None - This image is in the public domain and ...

Much attention has been spent lately describing the health contributions of the microbiome defined as non-human cells that outnumber human cells and consists of our microbe residents in the human gut, skin, eyes and nasal passages. These bacterial cells collectively can weigh as much as six pounds.

Another term for the microbiome is the microbiota.  The composition of the microbiota plays an important role during pregnancy and in early life and may affect our metabolic and immune functions later in life. The gut microbiota helps our digestive system efficiency, improves nutrient availability and absorption, and limits the presence of pathogens through competition for nutrients and space.

From the moment of birth, the newborn is exposed to microorganisms obtained from the birth canal of the mother or by exposure to the mother’s skin during a C-section delivery. This colonization is influenced by many factors such as genetics, breast-feeding or formula feeding and weaning to solid food as well as the presence of antibiotic therapy. It is thought that by 2 years of age, the young infant will have established its own stable microbiota. Recently stress and the mother’s diet during late pregnancy may play a role in this initial colonization of the young child.

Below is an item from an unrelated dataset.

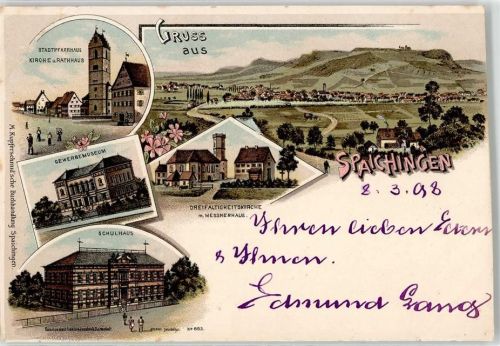 78549 W7208 Spaichingen 1898 - Pfarrhaus Kirche Rathaus Gewerbemuseum Schulhaus Dreifaltigkeitskirche Messnerhaus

The function of the immune system  both before and after birth can be altered by gene expression and epigenetic mechanisms via the presence of the microbiome.   See a previous post on epigenetics HERE.  The environment may or may not help to develop this system properly. The so-called hygiene hypothesis may contribute to the current rise in the prevalence of immune disorders later in life that include allergies, obesity, and diabetes. This hypothesis simply states that often young children are not exposed adequately to environmental contaminants or infectious agents and do not build up the proper immune responses to the antigens they will inevitably meet later in life. In other words, their environment is “too clean.” currently aided by the overuse of antiseptic soaps and disinfectants.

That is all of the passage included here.